Natural Vs. Supernatural Elements in W. B. Yeats's The Only Jealousy of Emer
محتوى المقالة الرئيسي
The Only Jealousy of Emer (1917-1918) is a dance play composed by W. B. Yeats of a very beautiful verse which is unmatched ever since. The play comes within Yeats's collection of the so-called Cuchulain Plays. It tells about the tragic fate of the mythical hero, Cuchulain, in his struggle against natural and supernatural elements alike.
Soon, both his wife, Emer, and his mistress, Eithne Inguba are engaged in similar combat against supernatural elements to regain Cuchulain alive after being captivated by the so-called Sidhe or fairy people.
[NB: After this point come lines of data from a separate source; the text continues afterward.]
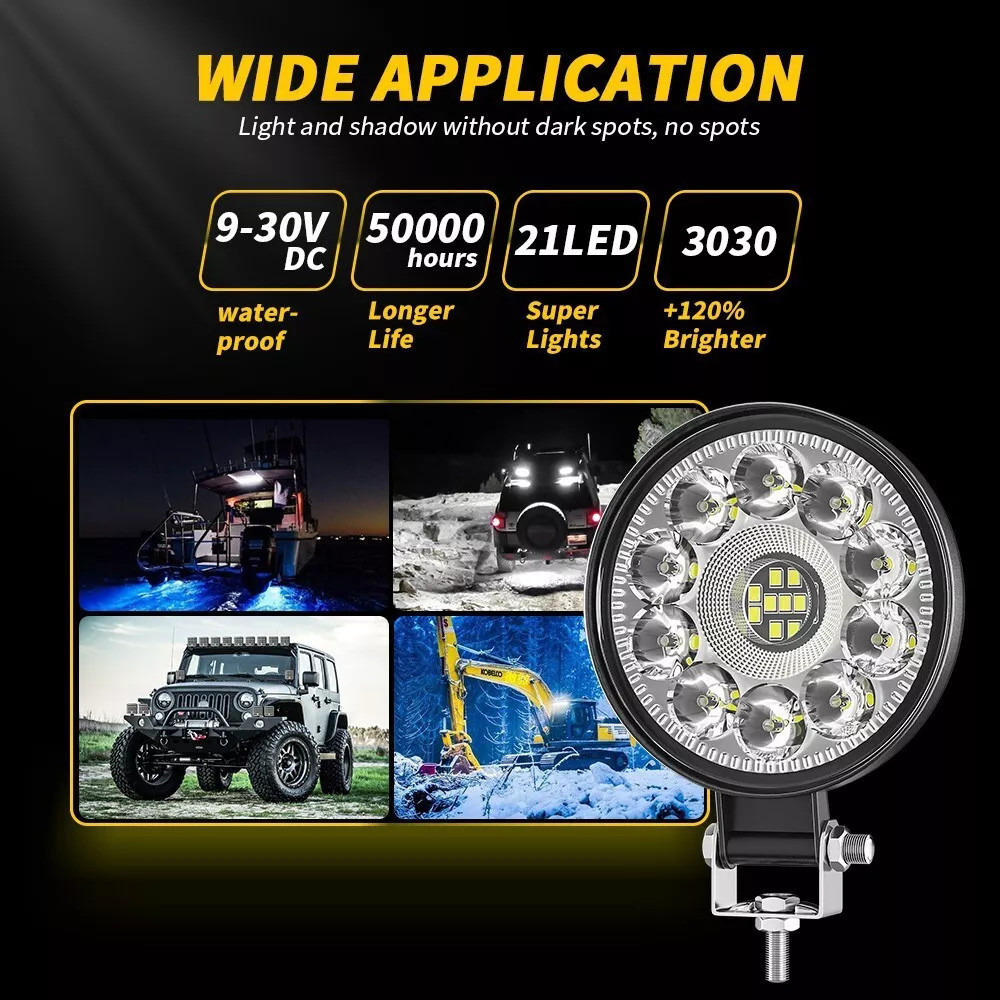 Round 3 inch Front Bumper LED Work Light Pods fit Yamaha Banshee Headlight Combo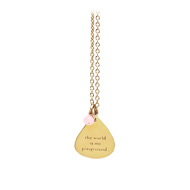 the world is my playground mantra necklace with pink jade bead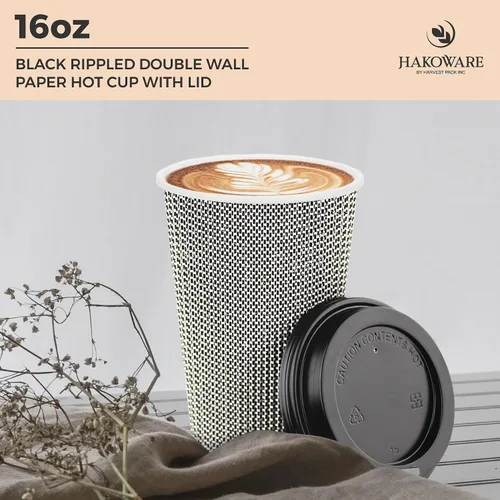 Miniatura 3 de Paquete de 85 tazas de café desechables de 16 onzas, vasos de papel de doble pared con tapas, diseño geométrico blanco y negro, tazas para beber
However, apart from mythical elements, the playwright enhances his portrayal of female characters comprising wife, mistress, and supernatural woman with a touch of realism. Thus, by bringing the hero safely into the world of the living, through Emer's sacrifice, Yeats shows the triumph of human passion and marital duties over the supernatural quest to mate with mortals represented by Fand.
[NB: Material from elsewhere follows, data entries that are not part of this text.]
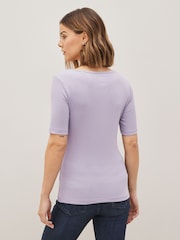 Lilac Purple Ribbed Scoop Neck Half Sleeve T-Shirt - Image 2 of 4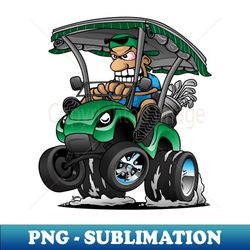 Funny Golf Cart Hotrod Golf Car Popping a Wheelie Cartoon - Sublimation-Ready PNG File - Create with Confidence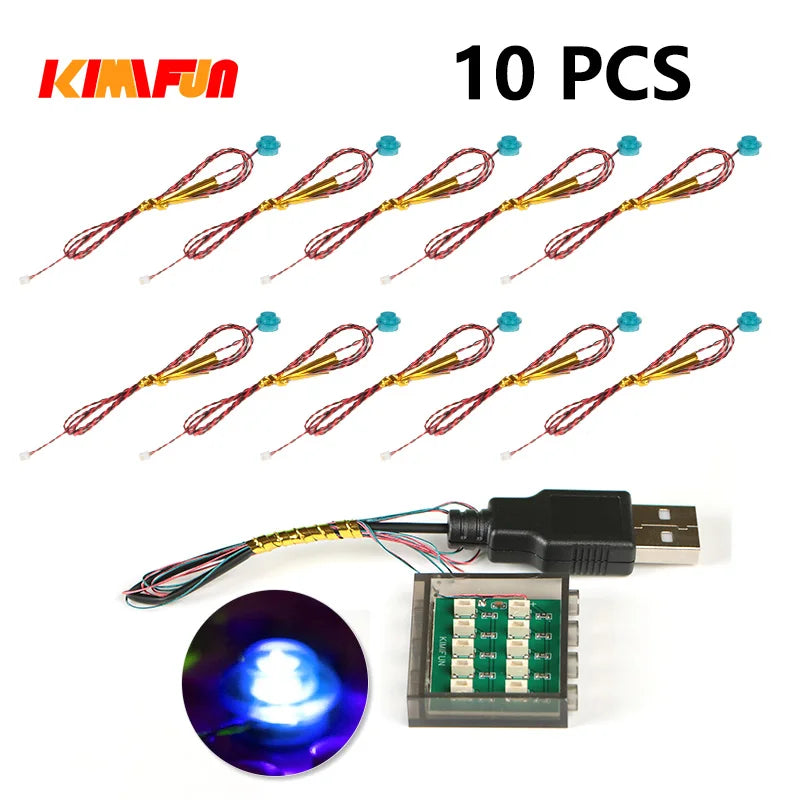 Professional RGB USB Lighting Kit for Building Blocks – 10 Pieces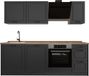 Vicco Complete keukeneenheid R-Line, Antraciet landelijk/Antraciet, 220 cm goudkleurig eiken werkblad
Furthermore, the three women alluded to recurred the most influential women characters in Yeats's life; Georgie Hyde Lees, Maud Gonne, and her seventeen-years-old daughter, Iseult. The significance of this reference will be discussed throughout the paper. Therefore, the aim of this paper is to show how natural and supernatural elements function to bring about the tragic fate of the hero, Cuchulain, and how both his wife and mistress are seen combating against supernatural elements.
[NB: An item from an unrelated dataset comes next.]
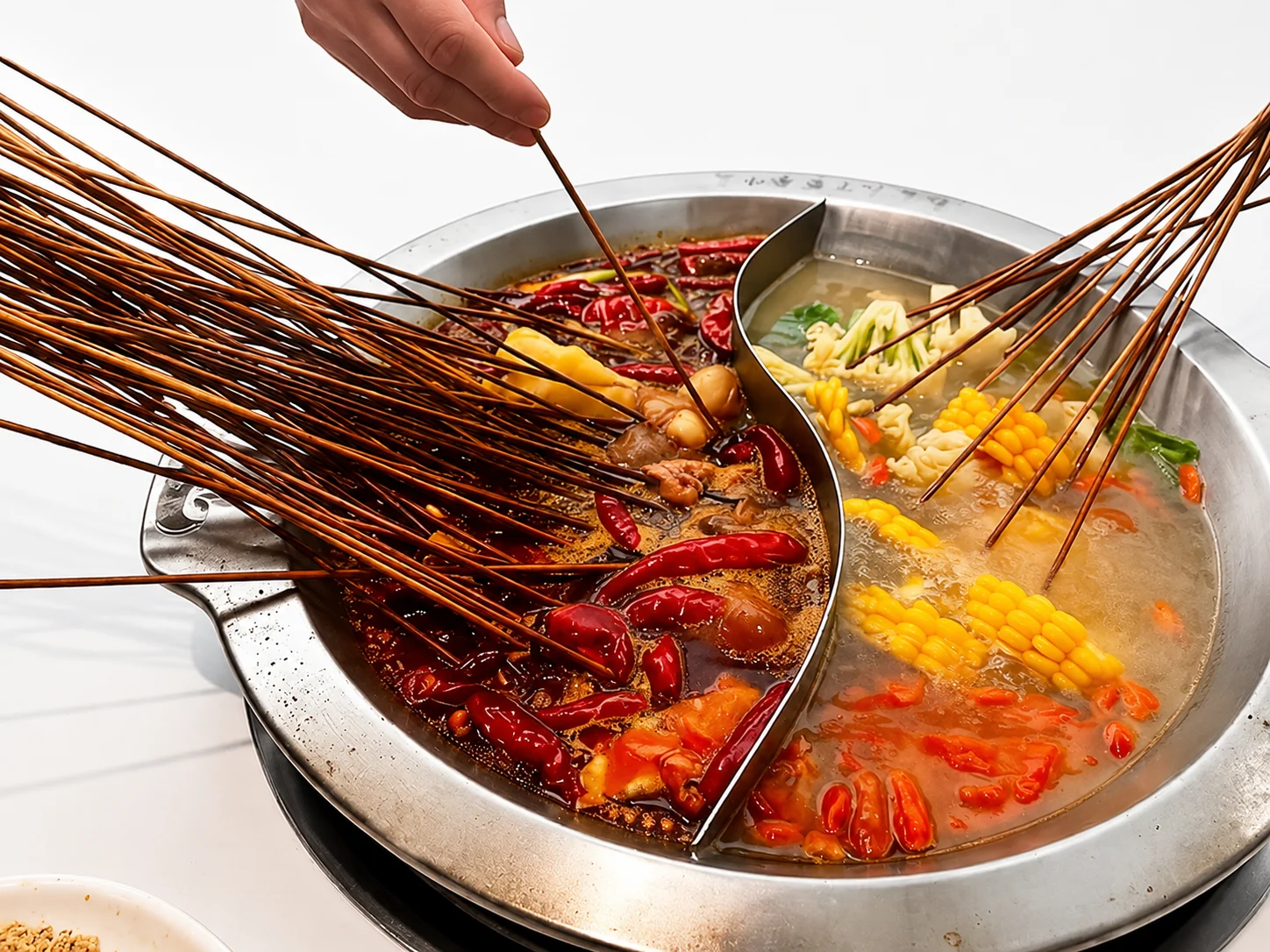 A divided hot pot with a red, oil-flecked spicy broth on one side and clear mild broth on the other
It turns out that the "amorous" (Yeats, 283) Cuchulain who took much delight in having multiple love affairs with women had also relationships with fairies. It was his amorous connection with the supernatural Aoife which brought about his tragic fate in The Only Jealousy of Emer. Cuchulain had a son by Aoife, whom he had unknowingly killed in On Baile's Strand. On knowing that it was his own son, the outraged Cuchulain turned to fight the sea. It was such a ruthless battle that other kings while attending the scene were "like cattle in a gale" (284).